Il «Sauna Theatre» sarà il primo del suo genere nel Regno Unito e offrirà un'esperienza immersiva dedicata agli appassionati di benessere e cultura.
Il Fringe di Edimburgo, il più grande festival d’arte al mondo e il più aperto al pubblico, quest’anno avrà un teatro all’interno di una sauna. Il festival, in programma dal 7 al 31 agosto, attira ogni anno quasi 3 milioni di visitatori.
Per l’edizione 2026 del Fringe, il Sauna Sessions Art Club darà vita al primo “Sauna Theatre” costruito appositamente nel Regno Unito, all’interno dello spazio artistico Summerhall. Sarà il primo teatro e centro artistico di questo tipo nel Paese e, allo stesso tempo, la sauna più grande del Regno Unito.
Fondato da Lucy Osborne e James Grieve, il progetto unirà musica elettrizzante e performance artistiche con le tradizioni del benessere e della cultura della sauna. Sfrutterà anche le potenzialità del Summerhall, una delle sedi più popolari del Fringe.
L’ambiente della sauna, che favorisce il rilascio di endorfine, dovrebbe stimolare la circolazione sanguigna e rilassare i muscoli, creando un’esperienza immersiva.
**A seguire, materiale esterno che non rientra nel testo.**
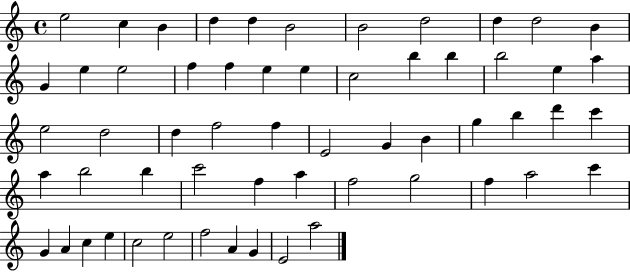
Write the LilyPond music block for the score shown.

L’obiettivo è amplificare i sensi del pubblico e permettere di godersi gli spettacoli appieno, senza distrazioni.
“Sappiamo profondamente quanto il teatro possa connettere le persone, accendere l’immaginazione, allargare gli orizzonti e generare felicità”, hanno dichiarato Osborne e Grieve a proposito del loro nuovo modello di teatro, come riporta Time Out.
“Pensiamo che combinare l’arricchimento offerto da arte e cultura con l’incredibile beneficio per la salute e il benessere della sauna raddoppierà i vantaggi e raddoppierà la gioia.”
Cosa aspettarsi dal Sauna Theatre in questo Fringe
Lo spazio potrà accogliere 80 persone e sarà dotato di impianti audio e luci all’avanguardia per gli spettacoli. La temperatura sarà intorno ai 90 gradi Celsius.
Il programma del Sauna Theatre prevede già, tra le altre cose, “morning sauna raves”, salotti letterari e sessioni di Aufguss, con rituali immersivi a base di oli essenziali, giochi di asciugamani e narrazione dal vivo. Ci sarà anche una serie di altri appuntamenti di musica, teatro e danza, oltre a serate di clubbing.
In programma anche una rilettura in chiave sauna di “The Waves” di Virginia Woolf e una versione remix di “Bubble Schmeisis” di Nick Cassenbaum.
Il progetto è concepito in forma modulare e, dopo il debutto al Fringe, potrebbe partire in tournée nel Regno Unito.
La scenografa Lucy Osborne e il regista James Grieve in passato hanno lanciato il Roundabout Theatre di Paines Plough, un auditorium itinerante con 167 posti a sedere.
Quest’anno al Fringe sono attesi anche il debutto teatrale di Shaparak Khorsandi, Jack’s Joke Show, lo spettacolo con cui Jack Dee celebra 40 anni di carriera nella comicità, e il monologo dell’attrice Hannah Reilly, tra gli altri.